======== Dataset content

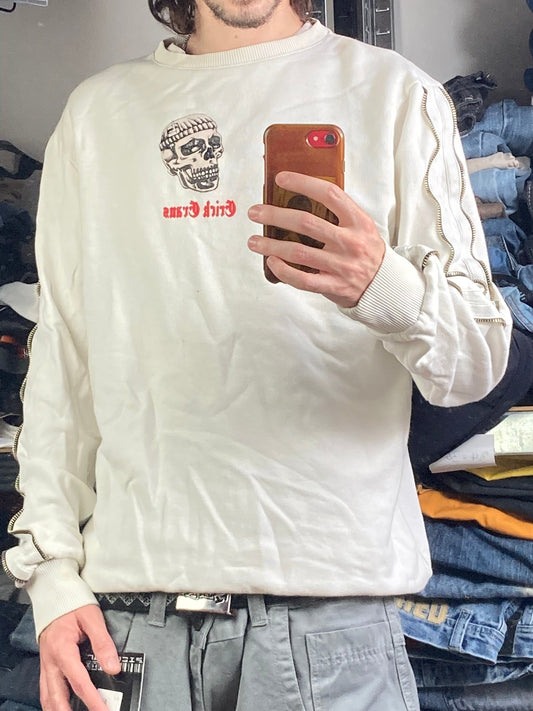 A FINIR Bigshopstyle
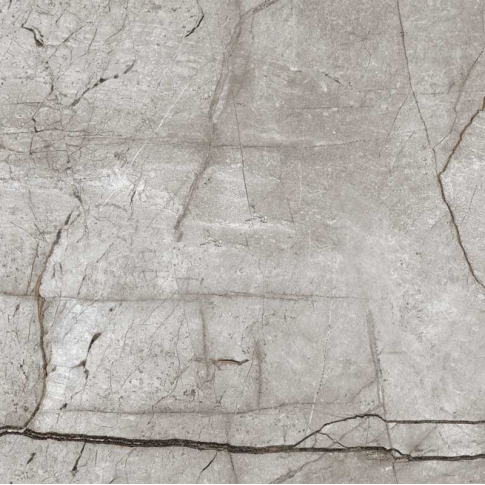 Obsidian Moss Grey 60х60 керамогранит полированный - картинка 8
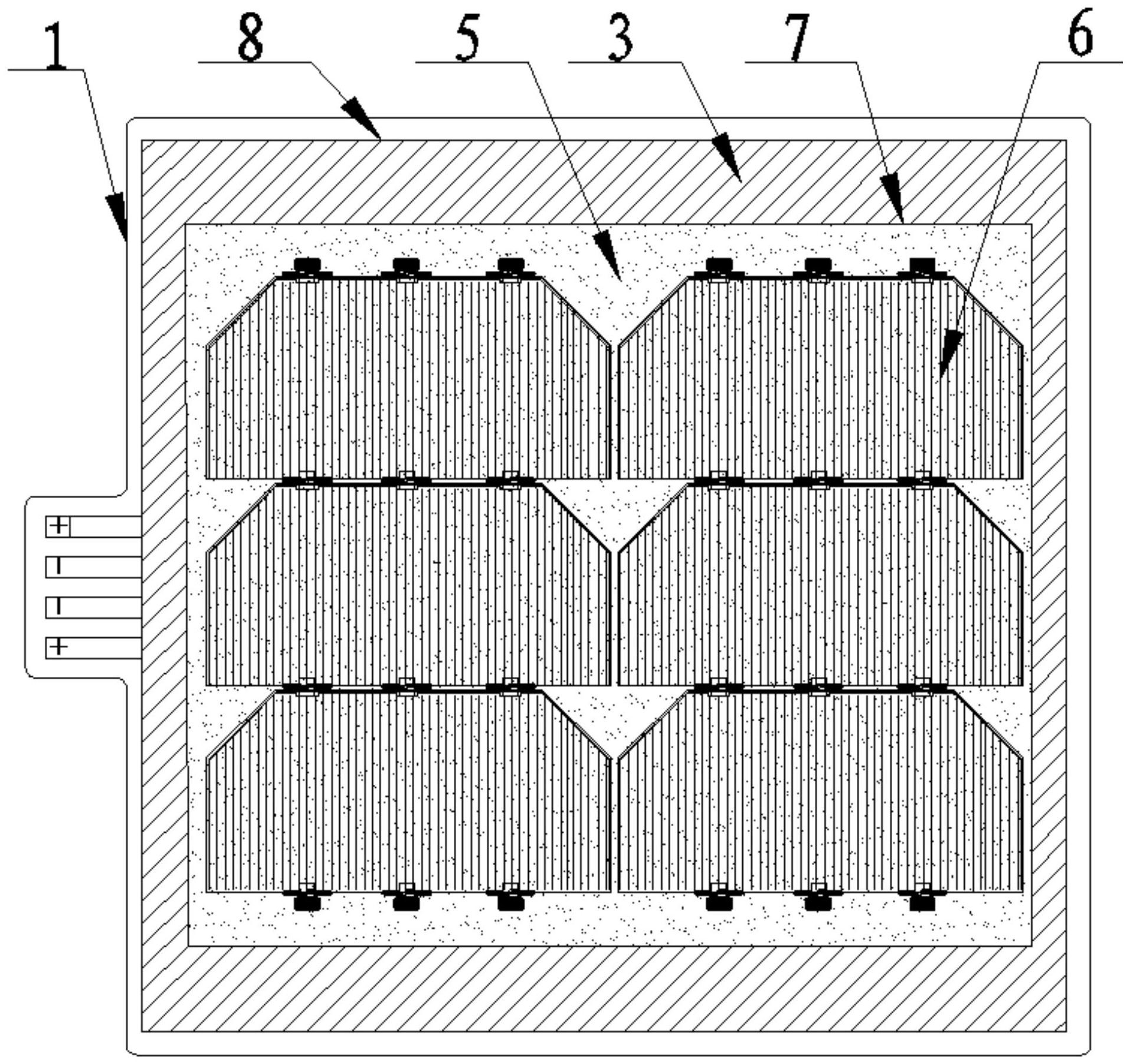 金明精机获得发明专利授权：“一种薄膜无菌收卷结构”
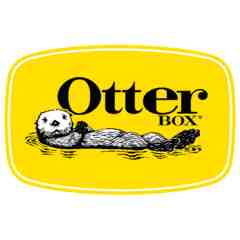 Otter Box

================

Problem requirements — The listing above must be restated word for word. Its pictures are to be left out.

Task response —
 A FINIR Bigshopstyle
 Obsidian Moss Grey 60х60 керамогранит полированный - картинка 8
 金明精机获得发明专利授权：“一种薄膜无菌收卷结构”
 Otter Box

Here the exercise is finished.